AVAILABLE RECORDS.
━━━━━━━━
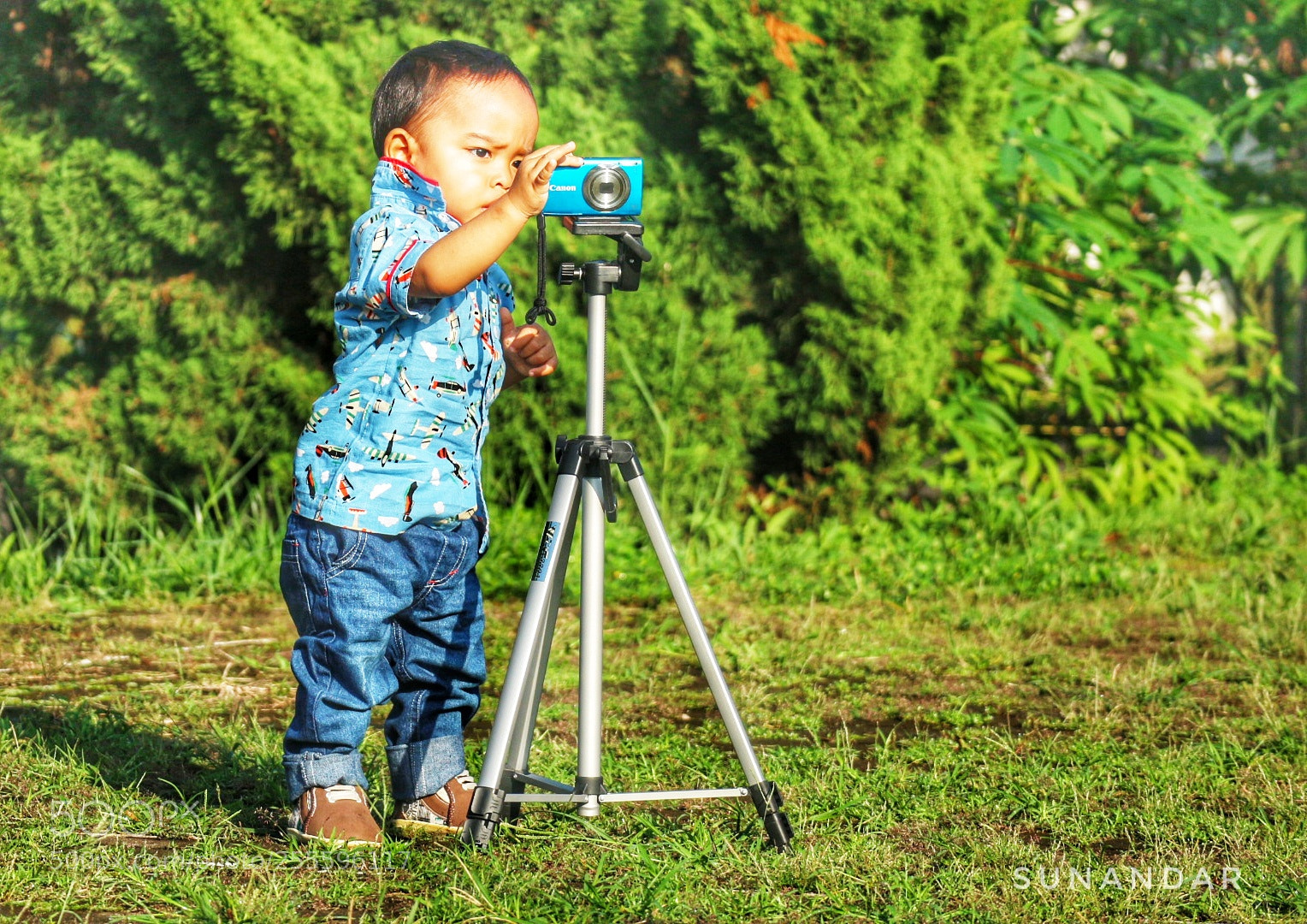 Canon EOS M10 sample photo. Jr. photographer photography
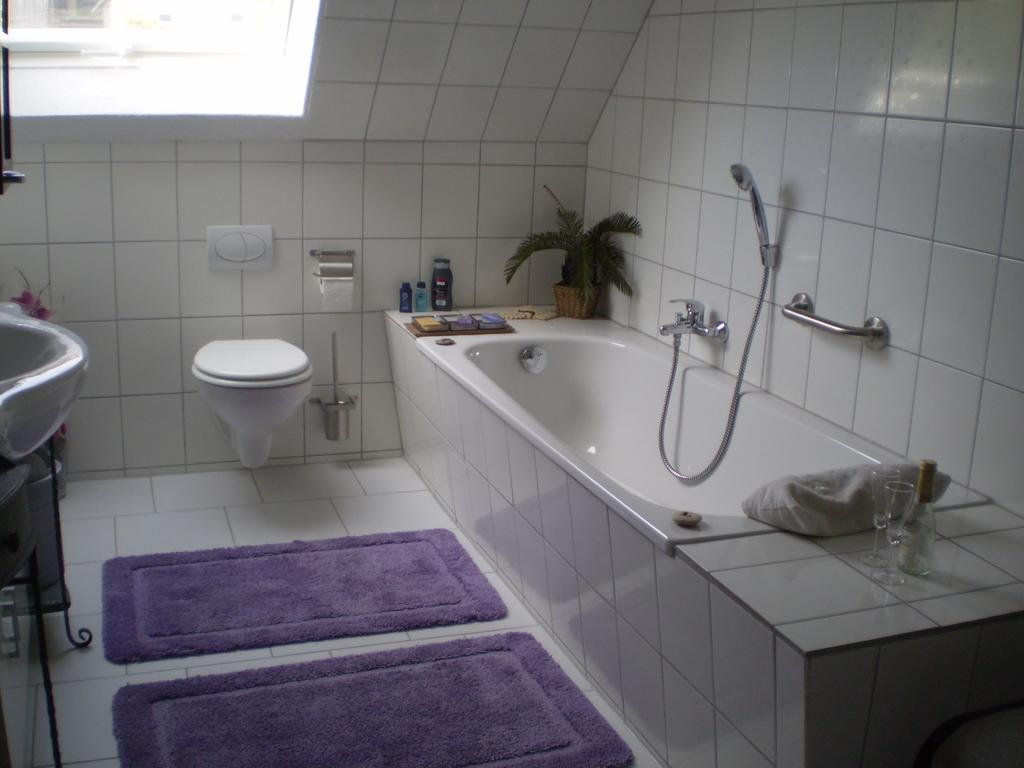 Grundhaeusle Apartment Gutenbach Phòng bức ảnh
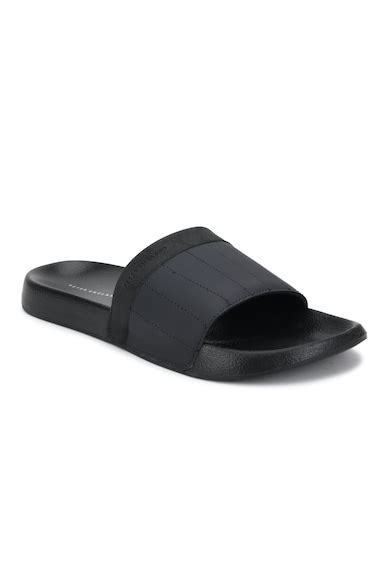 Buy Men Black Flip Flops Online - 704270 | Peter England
━━━━━━━━
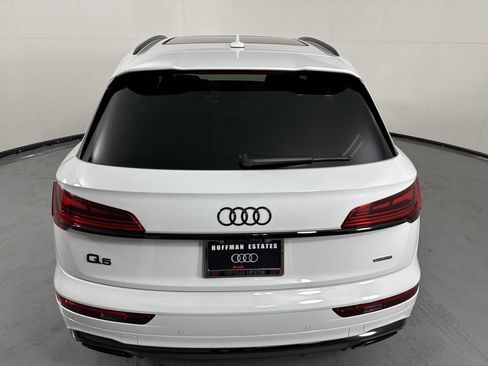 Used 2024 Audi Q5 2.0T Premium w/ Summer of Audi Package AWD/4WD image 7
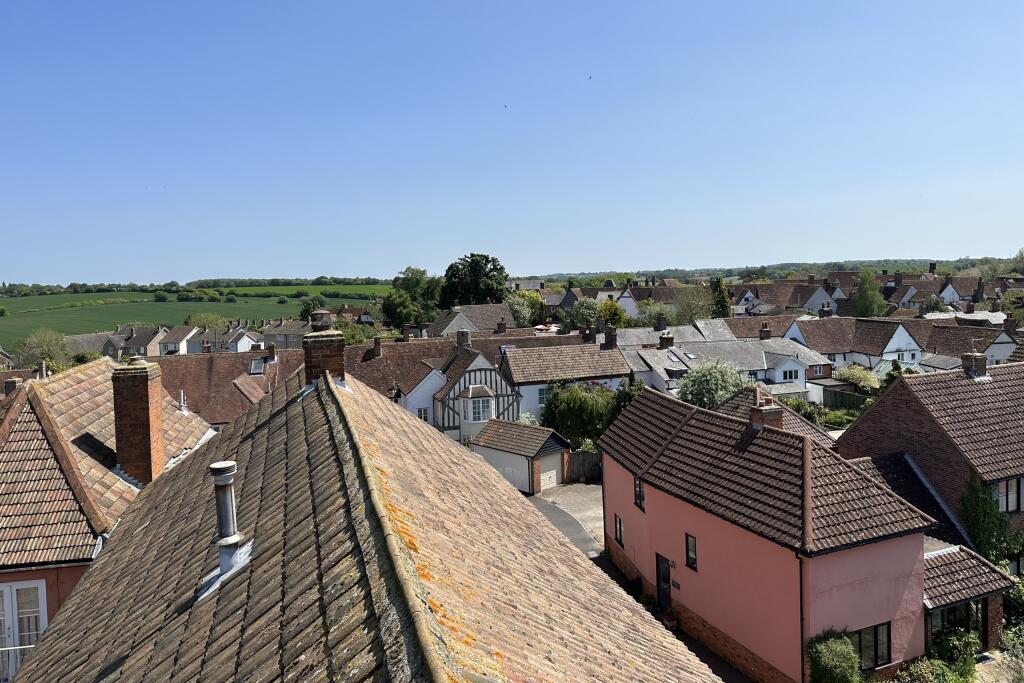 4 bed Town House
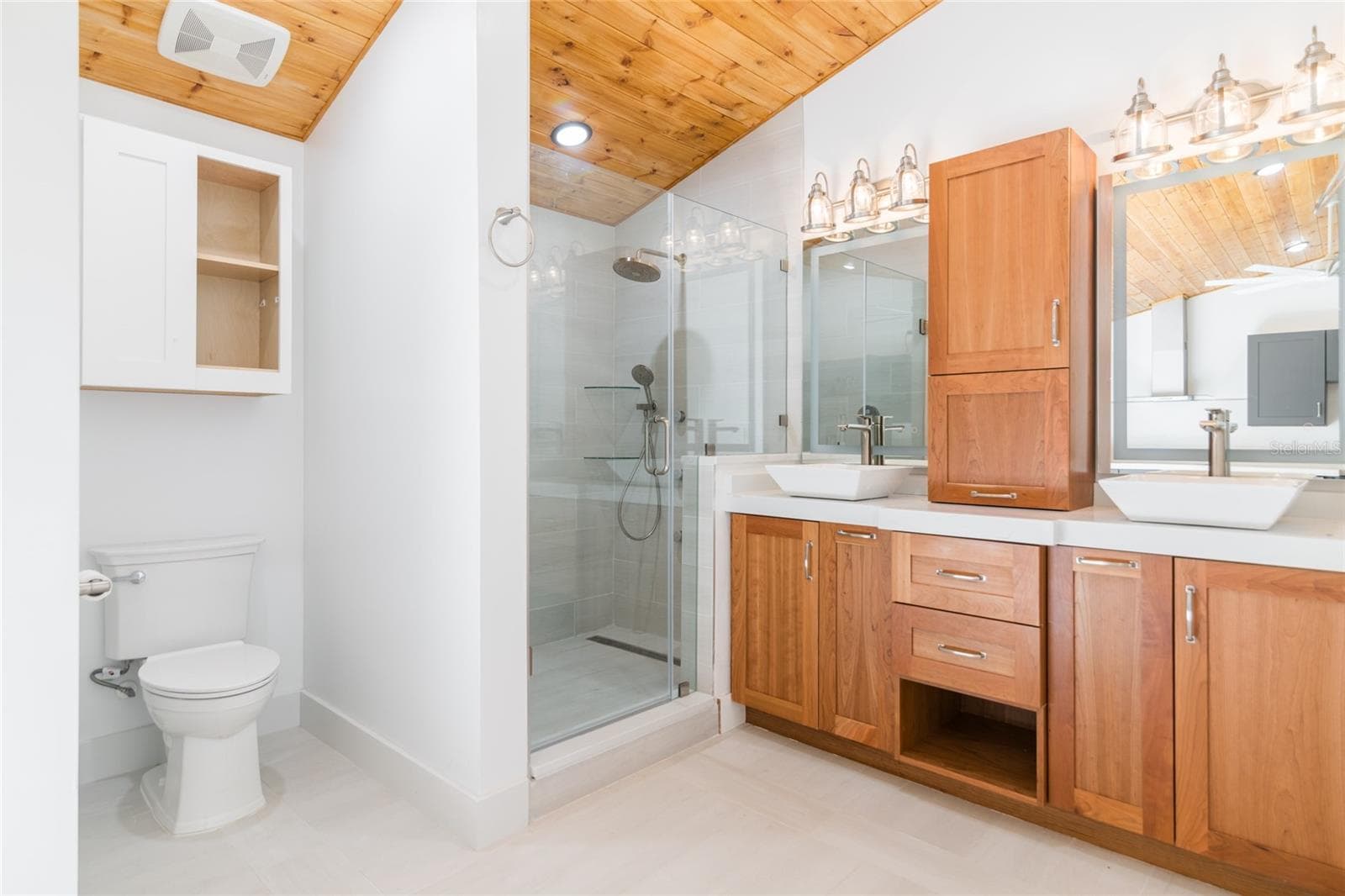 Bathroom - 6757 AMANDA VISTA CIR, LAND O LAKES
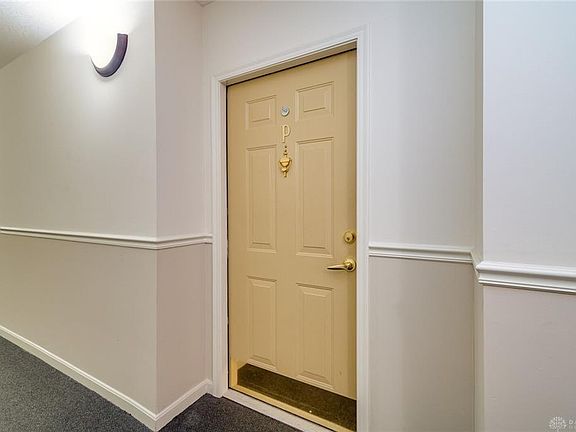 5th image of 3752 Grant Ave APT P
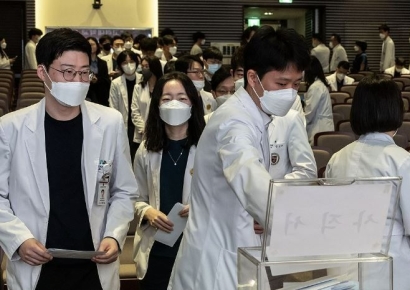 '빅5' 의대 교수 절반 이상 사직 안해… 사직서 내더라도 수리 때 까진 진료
━━━━━━━━
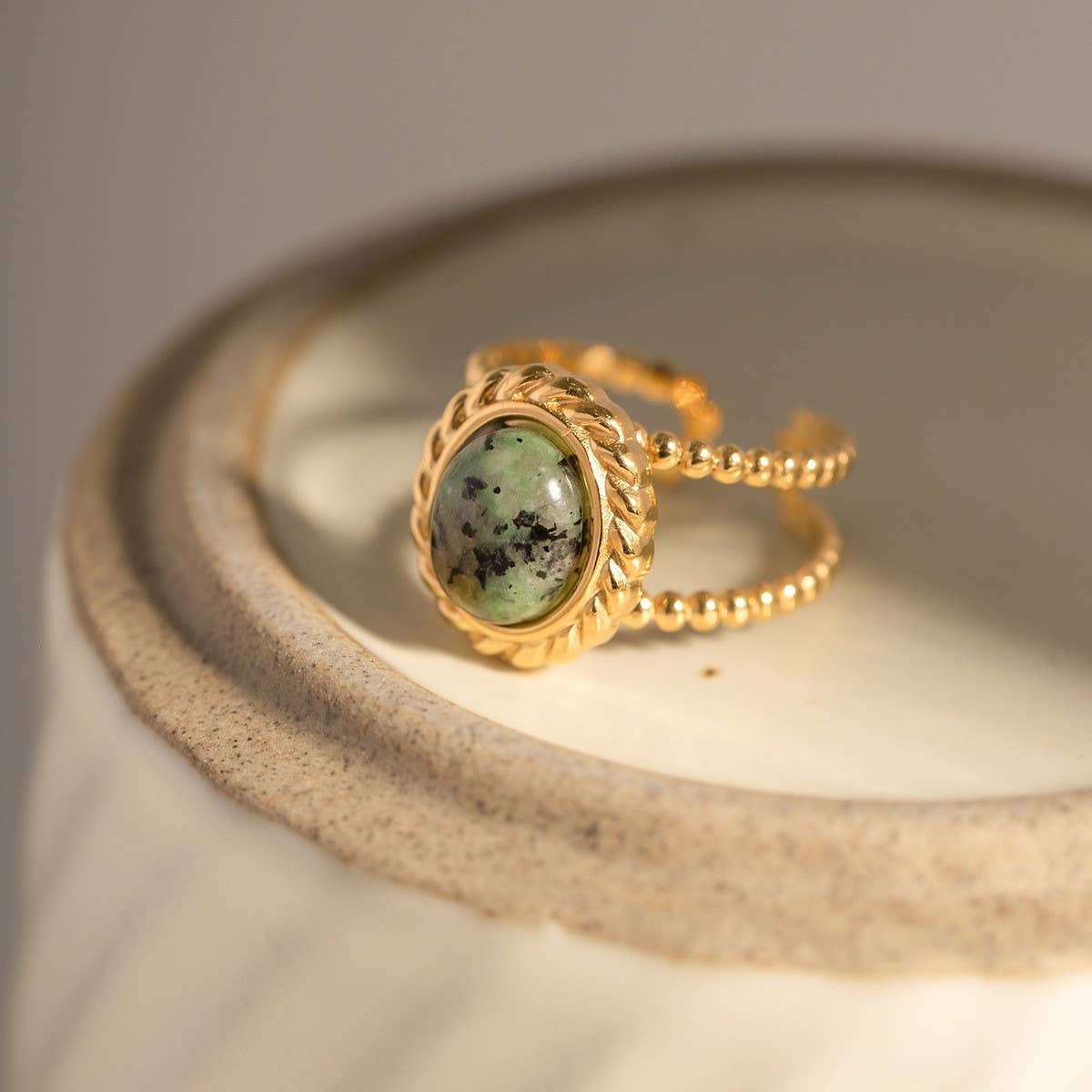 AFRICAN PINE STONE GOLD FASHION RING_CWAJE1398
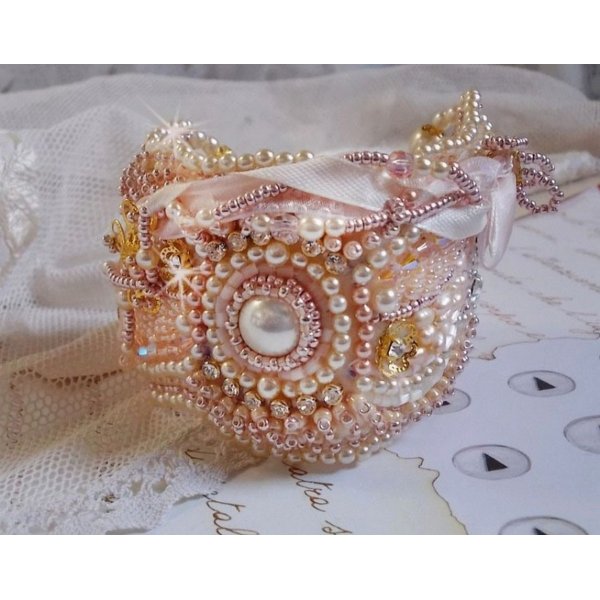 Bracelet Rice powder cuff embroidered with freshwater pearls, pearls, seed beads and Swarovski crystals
━━━━━━━━
EXERCISE REQUIREMENTS. All lines above starting at the one with "Canon EOS M10" and ending at the one with "Buy Men Black", inclusive, are to be printed again exactly, with the pictures left out.

ANSWER BELOW.
 Canon EOS M10 sample photo. Jr. photographer photography
 Grundhaeusle Apartment Gutenbach Phòng bức ảnh
 Buy Men Black Flip Flops Online - 704270 | Peter England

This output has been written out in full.